The Southeastern Pennsylvania Transportation Authority in Philadelphia is going one step further. Currently the only major US city still accepting tokens as transit fares, by late-2013 its payment system will undergo a significant upgrade, becoming one of the most advanced in the world by accepting its own contactless smartcard, contactless debit and credit cards, and smart devices equipped with near-field communication (NFC).

NFC allows two-way communication using radio waves by bringing devices into close proximity. Mainstream use to date has been limited to media-sharing and contactless payment, though John Baekelmans, senior director of Cisco’s Smart+Connected Communities programme, envisions a future where “technology like NFC replaces the badge readers we use every day, from public transport to payments”. He says: “Tools we use to interact with urban systems could all move into the phone.”

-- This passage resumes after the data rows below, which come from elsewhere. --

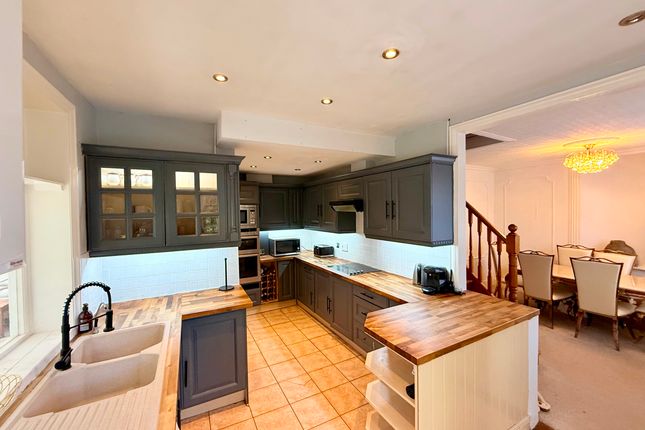 874 Foxhall Road, Ipswich photo 2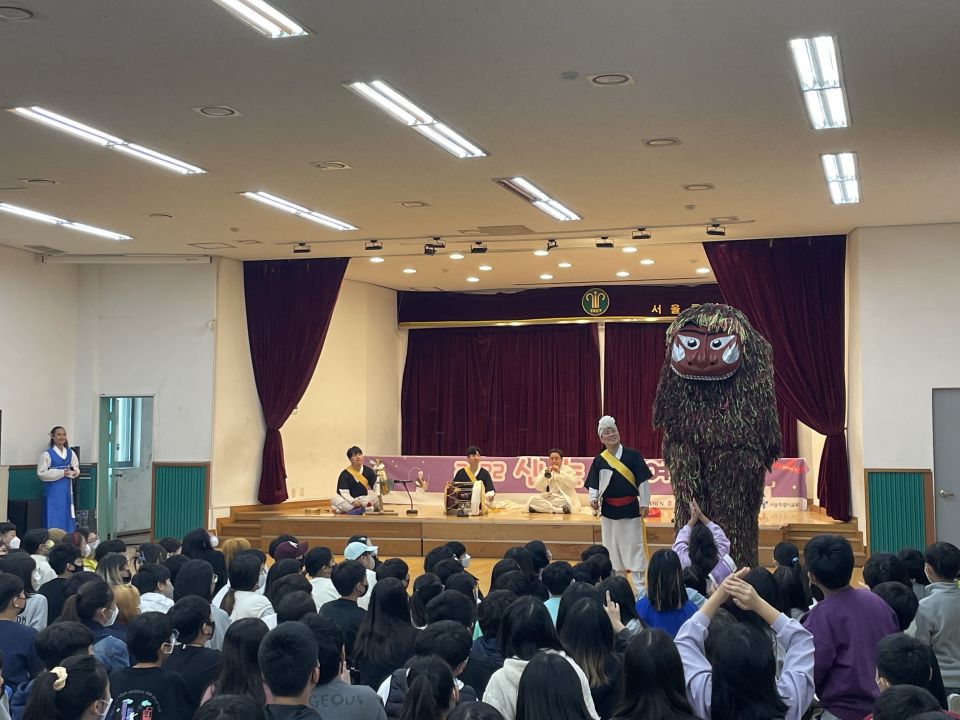 10.14(금) 구일초 공연사진_전통연희단 진광 (2).jpg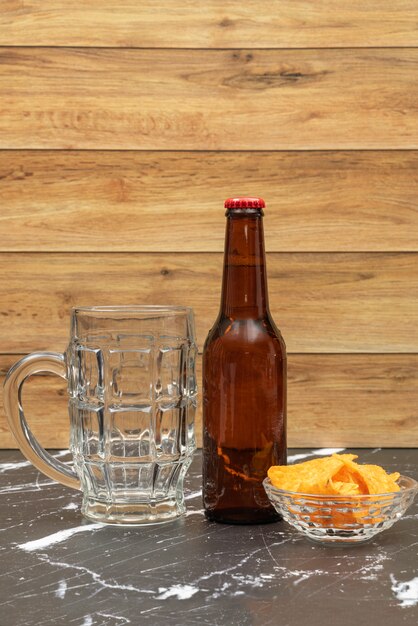 Botella de cerveza con vaso para cerveza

NFC could also act as the key to your front door or digital identification. “So much is possible, but it’s early days,” says Mr Baekelmans. “It’s at least a couple of years before we see next-generation capabilities.”

Wireless communication between objects and city management systems is likely to become increasingly common. Starting in 2015, every new car sold in the EU will contain an integrated communications system which automatically contacts emergency services with information, including the vehicle’s location, if it senses an accident has taken place.

The IoT and M2M market is expected to become the fastest-growing segment of the IT sector in the next three to five years. Marketsandmarkets recently predicted its value would increase to $290 billion in 2017, up from $44 billion in 2011. This growth is reflective of the emergence of what is essentially a new market, but with human-generated data as its foundation, privacy and security concerns are a hot topic.

Dubuque learnt from mistakes made when New York City undertook its smart water meter trial. Appearing at a press conference, announcing installation of hundreds of thousands of digital water meters, a New York City council member displayed his water consumption data, revealing a spike in usage one afternoon. Speculation ensued among the audience about the cause, with some possibilities more embarrassing than others. Keen to avoid similar issues (or worse), Dubuque anonymised data by using IDs in place of addresses, with management access restricted to viewing data in aggregate.

Location data doesn’t always need to be hidden and can encourage citizen engagement if integrated successfully. SeeClickFix is an application for reporting neighbourhood issues, such as graffiti or potholes, directing citizen feedback to government departments. Action is encouraged by initiating reports in the public domain rather than a private inbox.

Data from non-intrusive online interactions like this can easily be controlled using service privacy options, but security in a cloud environment, where data is more likely to be private, is more complex.

Cloud computing is when computer resources connect over a network with data stored remotely. Advantages include affordability and removal of the need to own hardware, though potential disadvantages include data loss, or data getting into the wrong hands after hacking or user error. Private organisations have recognised this risk and compete on strength of security, but Mr Baekelmans suggests legislation would be a good idea.

Though risk can be minimised, as connections between citizens and urban systems become more integrated, an element of risk will remain. Some may decide it isn’t worth it, going off the grid as much as they can. Others may never even have been invited to the party – if everything needed to engage with the city is in a smartphone, what happens to those who can’t afford smartphones?

However, for the interconnected city to achieve its promise of an intelligent and sustainable urban environment, it simply needs enough people to be prepared to take the data plunge. As Steve Turner of New Economy, the economic development body for Greater Manchester, explains: “We need smart citizens to create smart cities. However, first they need to hand over their data so those managing our cities can create smarter infrastructure.”